Anoop Bhaskar of UTI AMC, says, "You allow them this high weightage and we will end up with a situation like Korea, where people have to live up with a 20%-plus weightage for Samsung. The larger implication is that since most of fund manager performance is benchmarked with the Nifty and they cannot give more than 9.9% weightage to any stock, we run the risk of underperformance. We have to either get the rules changed to allow fund managers to invest more than 10%, or follow MSCI and apply the 10/40 rule."
The 10/40 methodology was introduced by MSCI indices in 2002. Accordingly, the maximum weight of securities of a single issuer cannot exceed 10% of the market value of the index, and the sum of the weights of all issuers representing more than 5% of the market value of an index cannot collectively exceed 40%.
Vetri subramaniam, head-equities, Religare Mutual fund, says, "The practical implication (of huge RIL weightage) is that none of us can take a sell call, even if we have a negative view on the stock, because we are already underweight."
A free market call on Reliance Industries is therefore not possible and that gives a premium valuation to the stock.
"With people thus becoming unwilling to sell, Reliance tends to enjoy higher valuation in relation to other comparable stocks." Subramaniam adds.
Thus, Reliance's extra weight has a cascading effect and feeds on itself.
In the recent rally, the stock outperformed the Sensex by a huge margin.

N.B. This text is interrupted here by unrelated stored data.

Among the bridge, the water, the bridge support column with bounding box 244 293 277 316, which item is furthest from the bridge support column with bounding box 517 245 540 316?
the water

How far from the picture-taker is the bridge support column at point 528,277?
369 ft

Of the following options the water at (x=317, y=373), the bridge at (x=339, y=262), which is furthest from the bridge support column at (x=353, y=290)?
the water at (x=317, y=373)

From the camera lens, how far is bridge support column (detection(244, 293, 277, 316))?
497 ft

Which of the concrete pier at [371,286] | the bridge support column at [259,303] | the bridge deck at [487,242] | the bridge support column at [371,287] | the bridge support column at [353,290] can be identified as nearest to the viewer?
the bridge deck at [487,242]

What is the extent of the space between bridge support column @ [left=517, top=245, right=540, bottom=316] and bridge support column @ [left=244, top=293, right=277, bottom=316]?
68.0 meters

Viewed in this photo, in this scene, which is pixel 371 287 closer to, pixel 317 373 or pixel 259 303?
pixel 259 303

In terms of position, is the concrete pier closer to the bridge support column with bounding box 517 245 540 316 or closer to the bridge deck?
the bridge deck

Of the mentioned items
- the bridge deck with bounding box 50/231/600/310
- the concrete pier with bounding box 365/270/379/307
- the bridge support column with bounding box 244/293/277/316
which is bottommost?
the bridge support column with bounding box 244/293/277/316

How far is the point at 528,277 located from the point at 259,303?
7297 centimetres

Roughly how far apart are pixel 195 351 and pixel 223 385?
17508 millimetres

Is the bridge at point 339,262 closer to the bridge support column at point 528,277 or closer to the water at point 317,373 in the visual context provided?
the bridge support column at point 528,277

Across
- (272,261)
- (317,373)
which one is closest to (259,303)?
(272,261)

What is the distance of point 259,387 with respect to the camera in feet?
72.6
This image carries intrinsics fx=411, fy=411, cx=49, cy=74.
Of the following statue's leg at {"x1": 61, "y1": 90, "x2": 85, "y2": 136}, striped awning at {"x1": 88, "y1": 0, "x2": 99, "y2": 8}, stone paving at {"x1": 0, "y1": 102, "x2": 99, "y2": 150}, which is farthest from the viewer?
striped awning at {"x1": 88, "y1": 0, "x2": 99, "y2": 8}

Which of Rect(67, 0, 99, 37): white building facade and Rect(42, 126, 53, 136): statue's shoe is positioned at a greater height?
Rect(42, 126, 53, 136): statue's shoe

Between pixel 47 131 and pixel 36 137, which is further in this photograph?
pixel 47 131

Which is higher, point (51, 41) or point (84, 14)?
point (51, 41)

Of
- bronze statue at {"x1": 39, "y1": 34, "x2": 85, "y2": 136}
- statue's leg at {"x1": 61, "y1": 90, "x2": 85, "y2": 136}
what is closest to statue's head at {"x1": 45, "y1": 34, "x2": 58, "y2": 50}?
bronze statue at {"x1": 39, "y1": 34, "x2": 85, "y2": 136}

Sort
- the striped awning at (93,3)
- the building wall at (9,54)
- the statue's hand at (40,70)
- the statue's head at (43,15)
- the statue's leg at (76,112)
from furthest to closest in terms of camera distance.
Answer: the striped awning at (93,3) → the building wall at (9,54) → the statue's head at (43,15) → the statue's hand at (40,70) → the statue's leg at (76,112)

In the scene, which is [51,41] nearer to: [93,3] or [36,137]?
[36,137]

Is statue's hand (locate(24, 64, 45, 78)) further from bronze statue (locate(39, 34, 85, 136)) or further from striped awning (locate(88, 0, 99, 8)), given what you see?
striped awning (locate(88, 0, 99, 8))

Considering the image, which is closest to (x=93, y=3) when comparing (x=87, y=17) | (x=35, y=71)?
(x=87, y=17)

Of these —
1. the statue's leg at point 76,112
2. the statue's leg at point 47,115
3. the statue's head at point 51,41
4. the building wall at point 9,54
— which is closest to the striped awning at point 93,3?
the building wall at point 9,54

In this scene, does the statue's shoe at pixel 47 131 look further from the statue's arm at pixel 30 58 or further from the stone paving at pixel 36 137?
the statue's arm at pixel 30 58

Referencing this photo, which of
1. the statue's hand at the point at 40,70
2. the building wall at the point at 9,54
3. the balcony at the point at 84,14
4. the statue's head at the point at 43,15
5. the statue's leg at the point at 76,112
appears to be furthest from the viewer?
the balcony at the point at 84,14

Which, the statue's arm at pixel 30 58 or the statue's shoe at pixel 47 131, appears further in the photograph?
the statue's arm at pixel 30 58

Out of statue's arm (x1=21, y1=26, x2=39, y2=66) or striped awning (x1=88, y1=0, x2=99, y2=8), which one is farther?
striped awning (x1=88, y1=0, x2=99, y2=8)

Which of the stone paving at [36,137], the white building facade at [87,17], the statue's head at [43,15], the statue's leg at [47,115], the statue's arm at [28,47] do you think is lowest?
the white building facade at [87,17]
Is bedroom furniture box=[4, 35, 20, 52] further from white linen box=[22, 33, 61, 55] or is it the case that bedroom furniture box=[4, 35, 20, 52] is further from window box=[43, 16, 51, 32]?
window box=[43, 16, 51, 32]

While the Sensex rose 47% between March 9 and May 13, the bluechip rose 68%. This, in turn, has taken its weightage up substantially --- on the Nifty from 11% to 13.3% and on the Sensex from 15.5% to 17.7%.
Most fund managers recognise this as an issue that needs to be addressed.
Sanjay Sinha, CEO, DBS Cholamandam AMC says, "If you have a disproportionately high weightage to a particular stock, it becomes difficult for the fund managers to bring out matching performance. Given the restrictions, that would be an issue."
But Vetri Subramaniam draws attention to the flipside. "In such a situation, it depends on which way the index moves. If index is going up, then we tend to be at disadvantage. But when it's falling, we tend to outperform because of the underweight."